Section 2 – Eligibility

                        

(a) An individual shall be eligible for membership in the Academy who meets the criteria as reviewed by the Membership Committee and approved by the Executive Committee.

 

(b) Membership in the Academy shall become effective upon receipt of a properly completed application form and receipt of the specified dues and fees.

  

ARTICLE  IV – MEETINGS

Section 1 – Annual Meeting

            There shall be an annual meeting of the Membership of the Academy (the “Annual Meeting”) at a time and place designated by the Board of Trustees.  The Secretary of the Academy shall publish in a newsletter or send a notice of the Annual Meeting to members of the Academy by regular mail, posted not less than ten (10) days nor more than fifty (50) days prior to the proposed meeting.

Section 2 – Meetings of the Board of Trustees/Quorum/Notice

            The Board of Trustees of the Academy shall meet not less than once a year, at the time of the Annual Meeting of the Academy other meetings may be called by the President or upon the petition of six (6) members of the Board and shall take place subsequent to receipt of formal notice from the Secretary.  Meetings of the Board may be held in person or by telephone conference call.  The Board of Trustees may conduct business by mail between its meetings.  A majority of Board members then in office shall constitute a quorum.  The Executive Trustee shall give notice by telephone, facsimile or electronic mail with acknowledged receipt, telegraph, personal delivery, independent delivery service or regular mail (“Notice”) to the Trustees of the time, place and purpose of each meeting not less than twenty (20) days prior to such meeting.  The President, in consultation with the Executive Trustee, will determine the regular agenda for all Board meetings subject to approval of the Executive Committee.

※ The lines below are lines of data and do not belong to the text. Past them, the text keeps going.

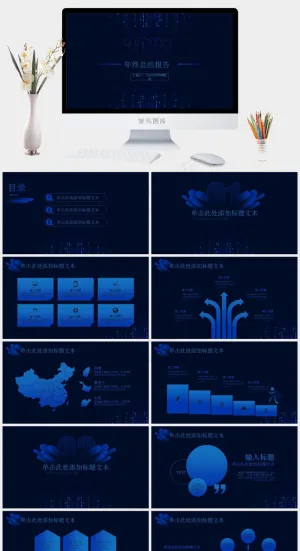 深蓝极简大气科技风总结汇报通用ppt模板预览图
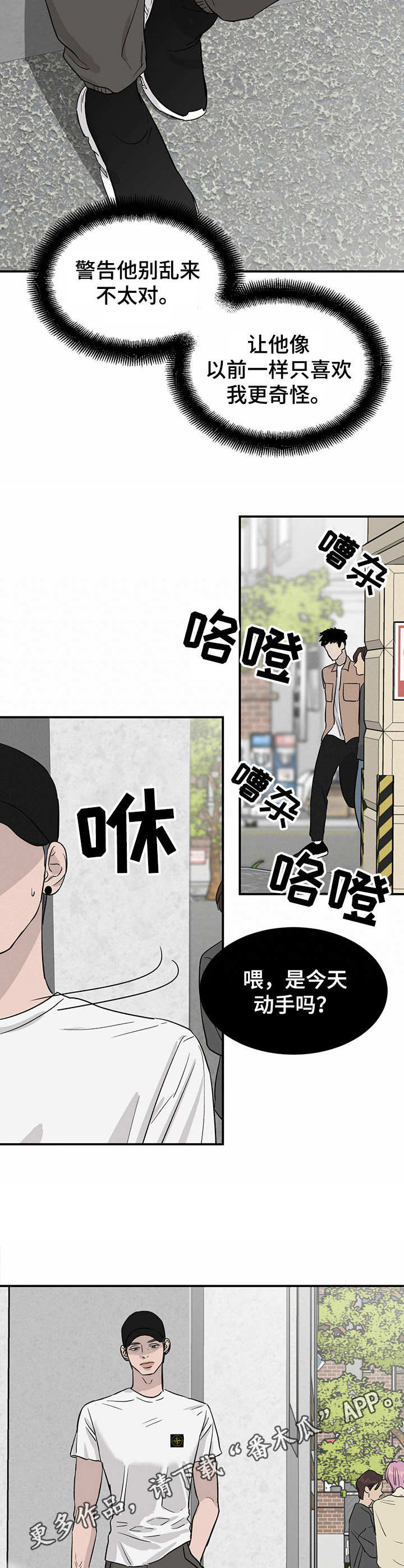 《人生重启》漫画最新章节第17章：管闲事免费下拉式在线观看章节第【5】张图片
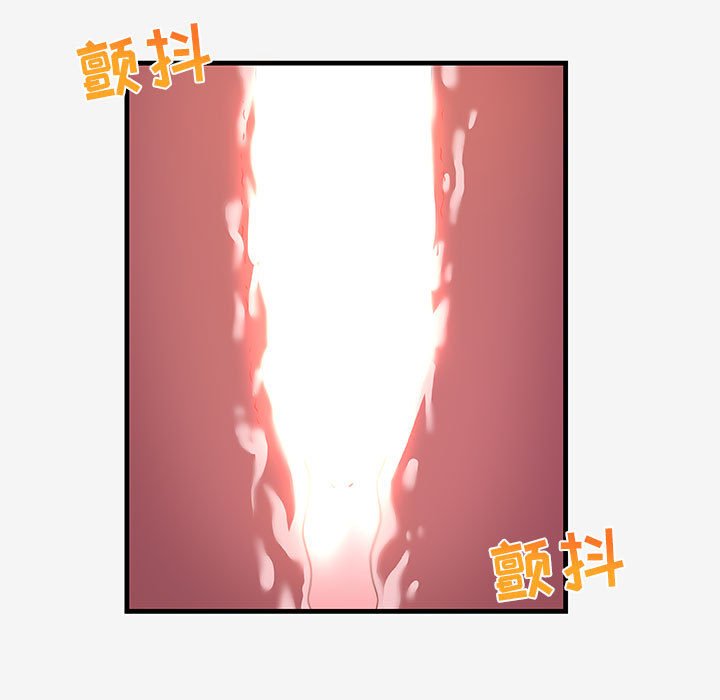 友達以上 第19章 第41页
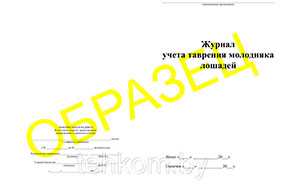 Журнал учета таврения молодняка лошадей на 50 листов - Техком ЧУТП
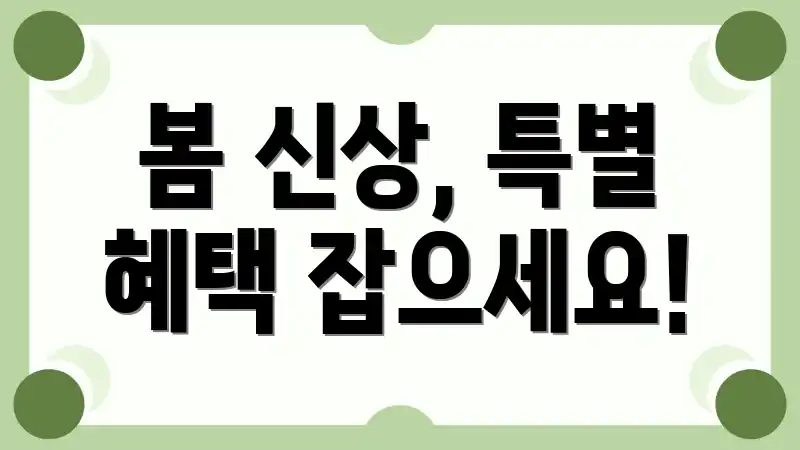 봄 신상, 특별 혜택 잡으세요!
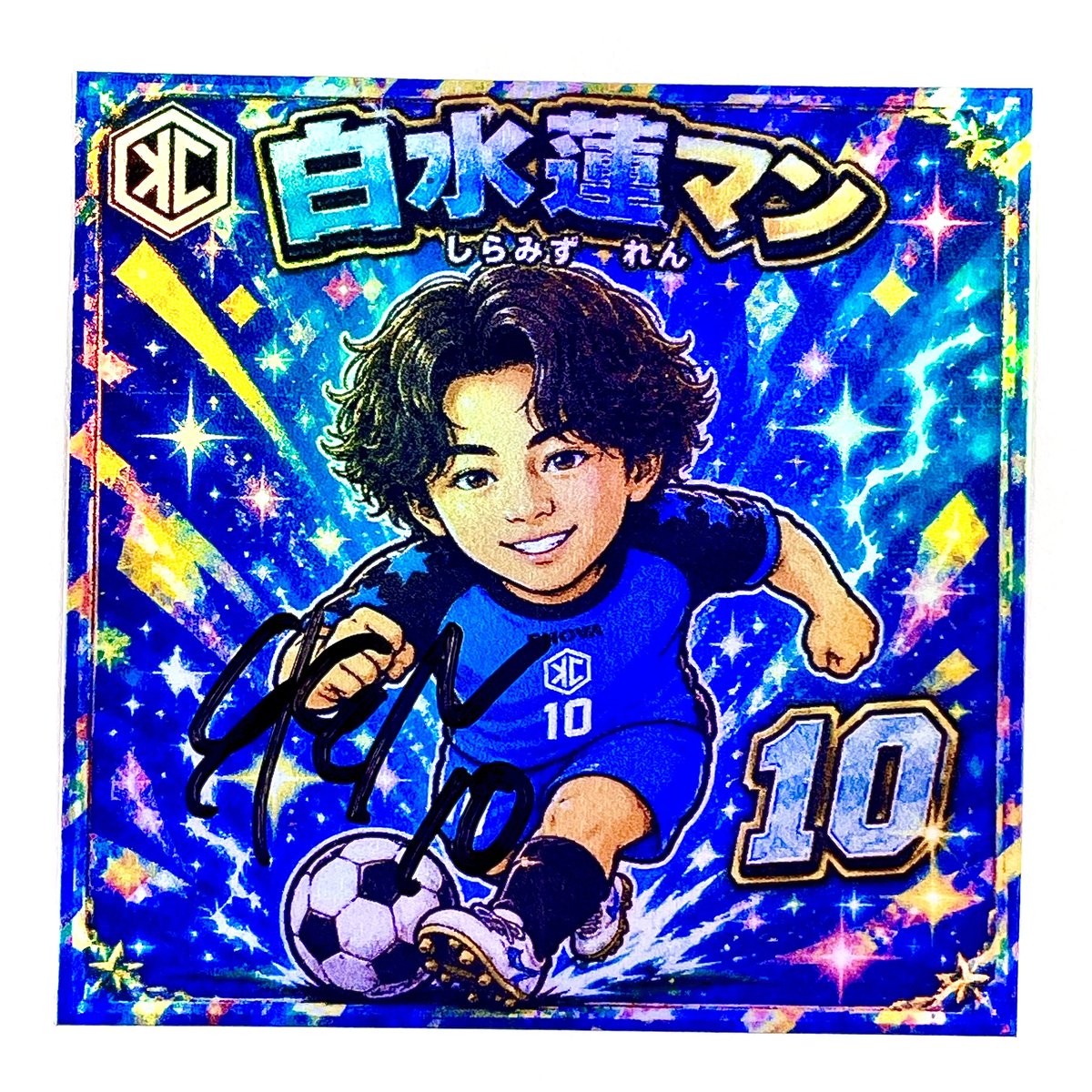 ShowHeyHey001's tweet photo. 白水選手のサインもらった〜😊体制変えての残り試合、まずは残留に向けて、できれば来年度に弾みをつけるようなシーズンになるよう頑張ってください❄️🔥 #古河シティFC https://t.co/Mum8K4YPfu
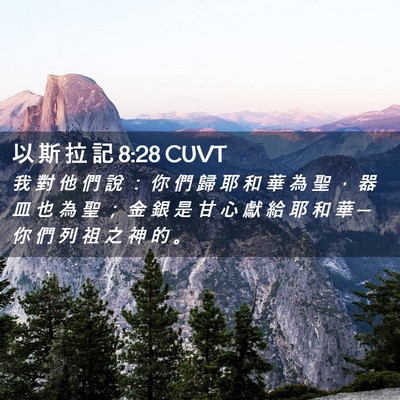 Picture 02 - 以 斯 拉 記 8:28 CUVT - 我 對 他 們 說 ： 你 們 歸 耶 和 華 - Bible Verse Picture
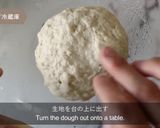 本格クロワッサン作り方8写真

Section 3 – Special Meetings

           Special meetings of the membership of the Academy may be called by the President or Board of Trustees at any time and may be called upon written request to the Board of Trustees by a quorum of the active members of the Academy.  Notice of such special meetings shall have been given to all members of the Academy not less than ten (10) days nor more than fifty (50) days prior to the time of the meeting.  Ten (10) percent of the membership of fifty (50) members, whichever is less, shall constitute a quorum for special meetings.

Section 4 – Rules of Procedur

            The order of business for the Annual Meeting and for all special meetings of the Membership of the Academy shall be designated by the Board of Trustees.  Where no order is so designated and when not otherwise expressly provided for in these Bylaws, the order of business and conduct of meetings shall be governed by Robert’s Rules of Order, Revised.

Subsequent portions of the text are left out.